## [Assignment]
Output the data word for word, dropping every image.

## [Given data]
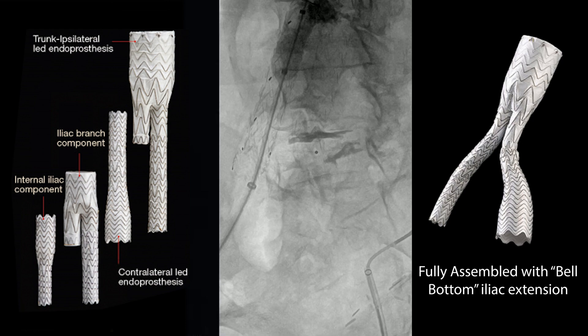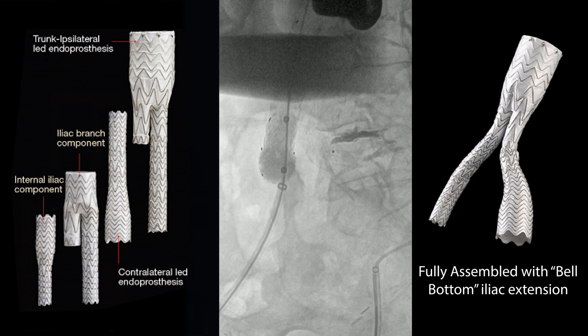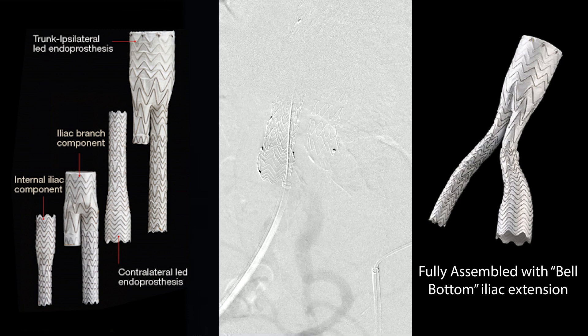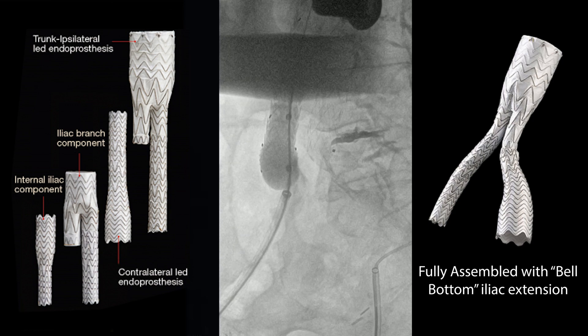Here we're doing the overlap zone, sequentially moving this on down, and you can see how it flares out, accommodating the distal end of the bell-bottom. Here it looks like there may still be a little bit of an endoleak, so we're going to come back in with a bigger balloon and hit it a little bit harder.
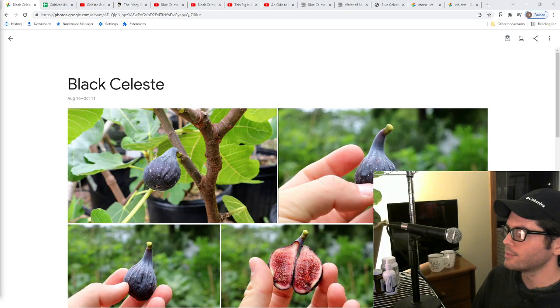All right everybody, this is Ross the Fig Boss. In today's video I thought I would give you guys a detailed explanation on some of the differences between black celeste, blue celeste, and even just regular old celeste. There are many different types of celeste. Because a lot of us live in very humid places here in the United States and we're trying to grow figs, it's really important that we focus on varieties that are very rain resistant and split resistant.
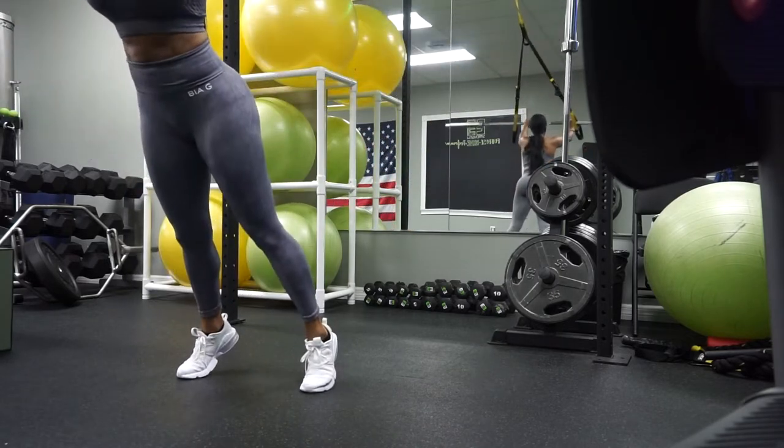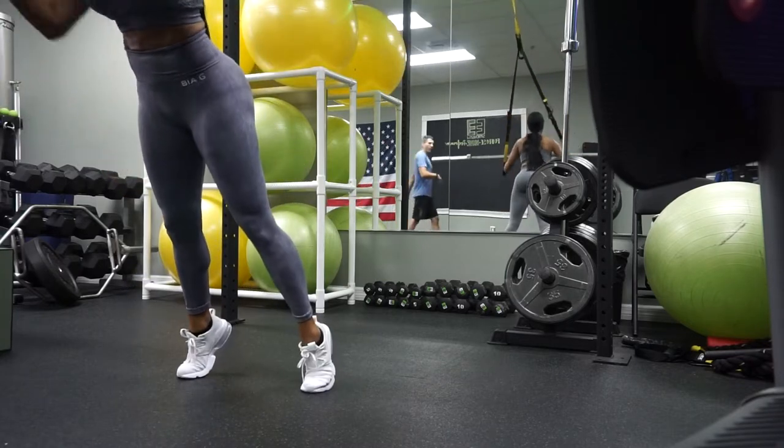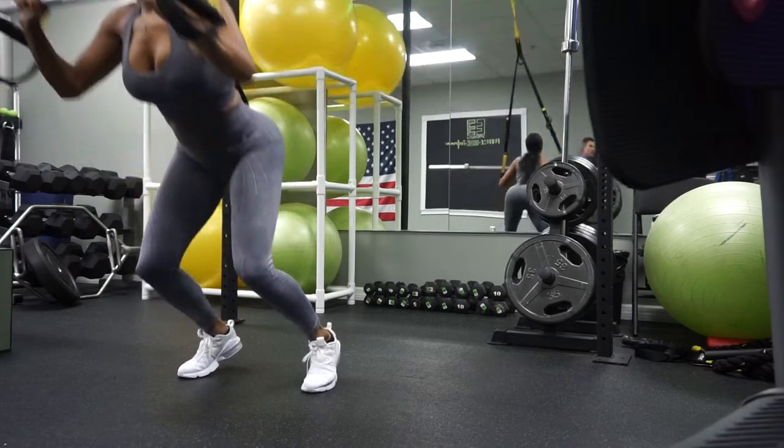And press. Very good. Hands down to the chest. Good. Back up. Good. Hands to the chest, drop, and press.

## [Reply]
Here we're doing the overlap zone, sequentially moving this on down, and you can see how it flares out, accommodating the distal end of the bell-bottom. Here it looks like there may still be a little bit of an endoleak, so we're going to come back in with a bigger balloon and hit it a little bit harder.
All right everybody, this is Ross the Fig Boss. In today's video I thought I would give you guys a detailed explanation on some of the differences between black celeste, blue celeste, and even just regular old celeste. There are many different types of celeste. Because a lot of us live in very humid places here in the United States and we're trying to grow figs, it's really important that we focus on varieties that are very rain resistant and split resistant.
And press. Very good. Hands down to the chest. Good. Back up. Good. Hands to the chest, drop, and press.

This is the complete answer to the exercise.